Dinda mengusap air matanya. Kepalanya pusing, banyak potongan-potongan berupa video berdurasi pendek berputar di dalam otaknya.

>/<

Bryan merasa sesak menghimpitnya, dia merasa kata-katanya tadi terlalu kasar. Apakah Dinda akan langsung terbawa perasaan?

"Dia bukan wanita manja dan lemah, pasti tak akan tersinggung dengan ucapan ku. Dan, tentang anak itu ... aku selalu mengurung Dinda di rumah ini, otomatis anak itu juga anak ku? Nanti aku coba test DNA setelah anak itu lahir." Ucapnya sambil menyesap kopi panas itu perlahan dan kembali meletakkannya di atas nakas.

Bryan saat ini sedang duduk diam di atas kasur kamarnya hanya bisa bergerak gusar. Dia merasa banyak hal mengganjal di hatinya, apakah mungkin kelakuannya sudah berlebihan? Terlebih lagi perlakuan kasarnya.

Padahal masih sangat sering hatinya dag-dig-dug saat di dekat Dinda. Menatap matanya saja dia sudah salah tingkah. Tapi Bryan bisa menutupi hal itu sebaik mungkin.

Bryan juga berharap dia akan puas dengan dendamnya. Bosan juga jika malah menabung kenangan-kenangan pahit seperti itu. Kapan lagi Bryan menyusun kenangan manis untuk Dinda. Bryan juga tak menyangkal, ada banyak rasa bersalah bersarang di dalam hatinya.

Dia selalu mengingat kalimat 'penyesalan selalu datang terlambat', Bryan tak mau hal itu terjadi. Menyesal setelah Dinda pergi atau hal-hal lainnya yang membuatnya tak suka.

Bryan akhirnya beranjak, memilih turun ke bawah untuk melihat keadaan perempuan yang membuat hatinya terombang-ambing, benci dan cinta secara bersamaan.

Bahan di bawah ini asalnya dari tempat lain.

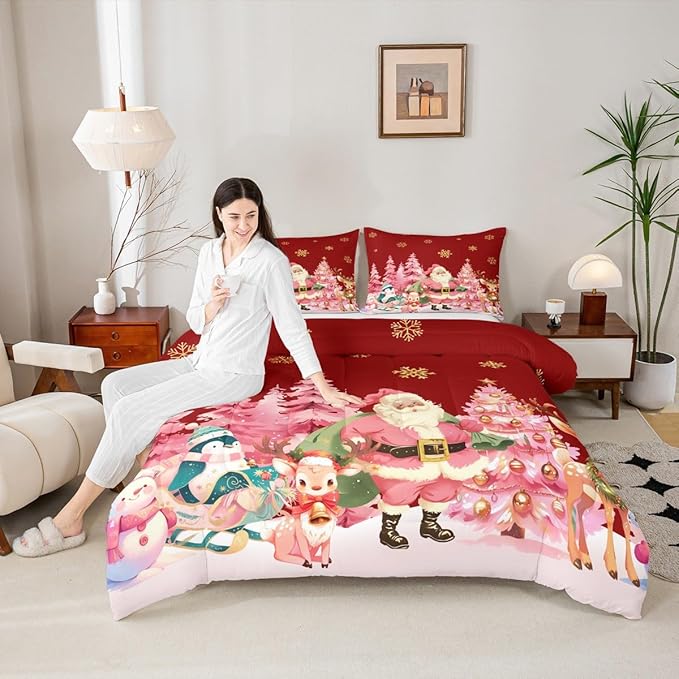 jejeloiu Merry Christmas Comforter Set Toddler Size Santa Claus Bedding Set for Kids Boys Girls Cute Deer Duvet Quilt Red Bedroom Decor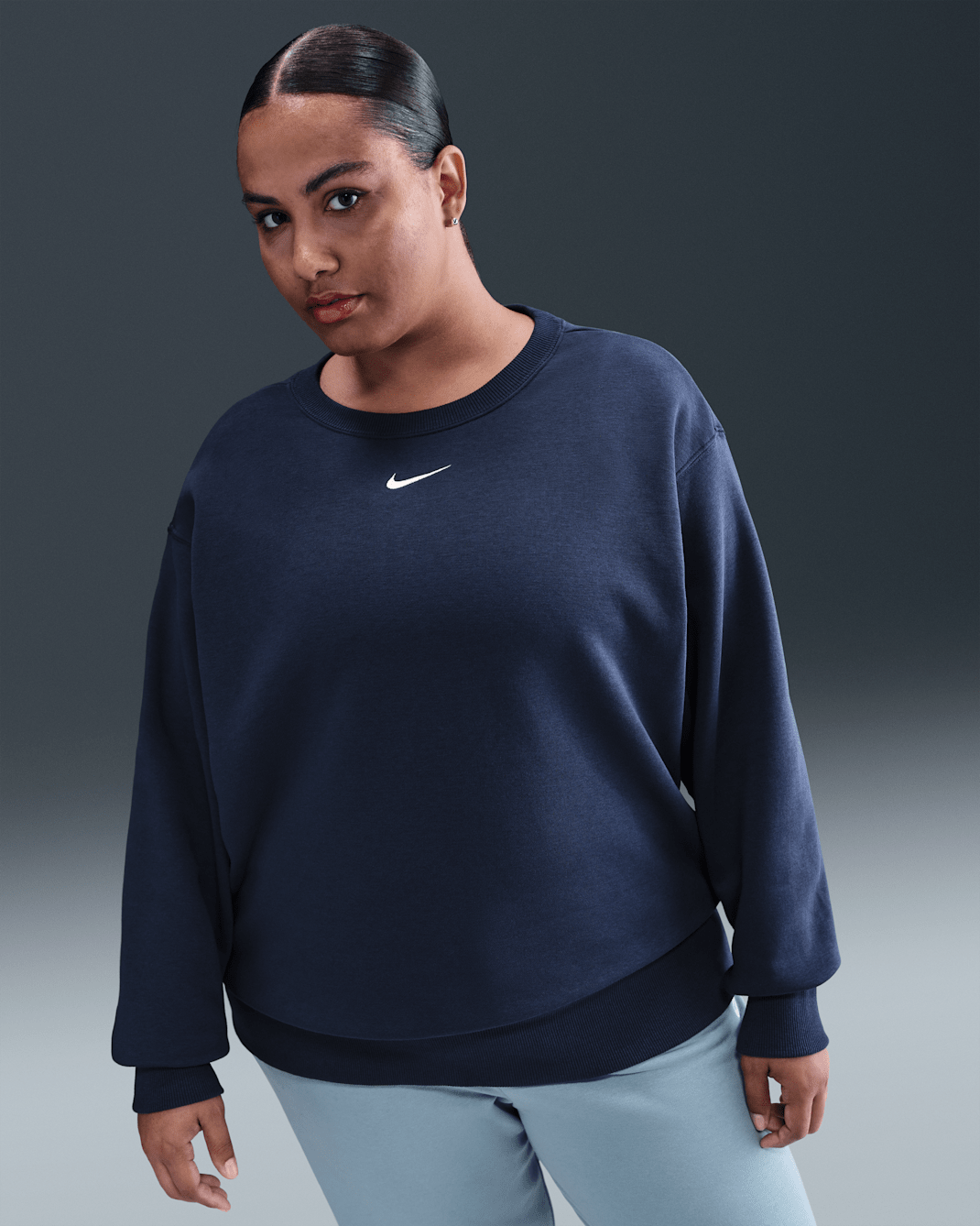 Nike Sportswear Phoenix Fleece Women's Oversized Crew-Neck Sweatshirt (Plus Size) - Midnight Navy/Sail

"Hiks..." Masih terdengar suara tangis. Suara yang terdengar parau dan serak.

Bryan meringis, mengusap tengkuknya dengan gerakan pelan.
'Kenapa lagi dia?' Gumamnya sambil mendekatkan kepala ke dekat pintu.

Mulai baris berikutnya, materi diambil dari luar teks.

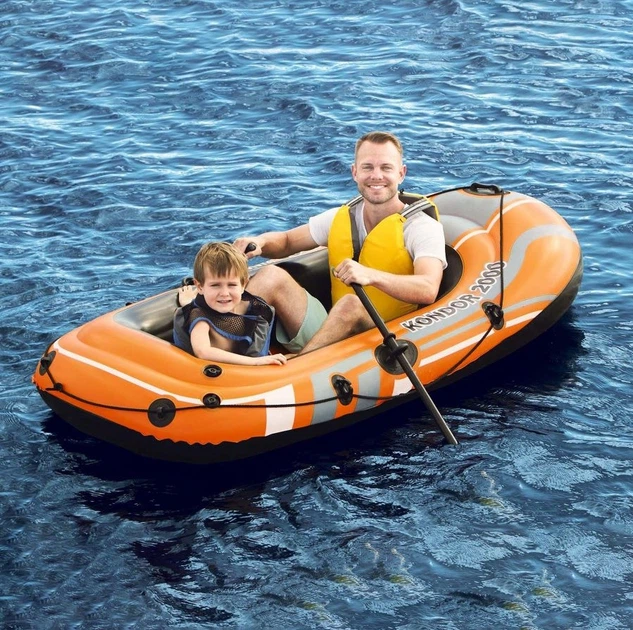 Nadmuchiwana łódź Bestway Kondor 2000 dla 1 dorosłej osoby + 1 dziecka 188 x 98 cm (6942138979756) - obraz 10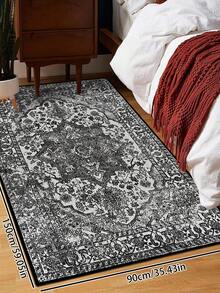 1pc Vintage Distressed Persian Style Rug, Red Bohemian Moroccan Comfortable Polyester, Pink Rug Rectangular Easy Care Washable Area Carpet, Suitable For Living Room, Hallway, Bedside, Sitting Room, Bedroom, Home Decor - Multicolor - View 8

"Aku lapar!" Hanya itu kalimat yang Bryan ucapkan, dan seketika langsung membuat isakan kecil itu terhenti.

"Lima belas menit lagi aku turun, segera siapkan makanan." Bryan bergeser dan bersandar di dinding. Tak sampai dua puluh detik pintu itu terbuka, dan terlihat tubuh kurus itu keluar, dan berjalan dengan menunduk mendekati dapur.

'Ck... Seperti zombie saja' Bryan menggeleng-gelengkan kepalanya. Senyum kecil terbit di wajah tampan pria itu.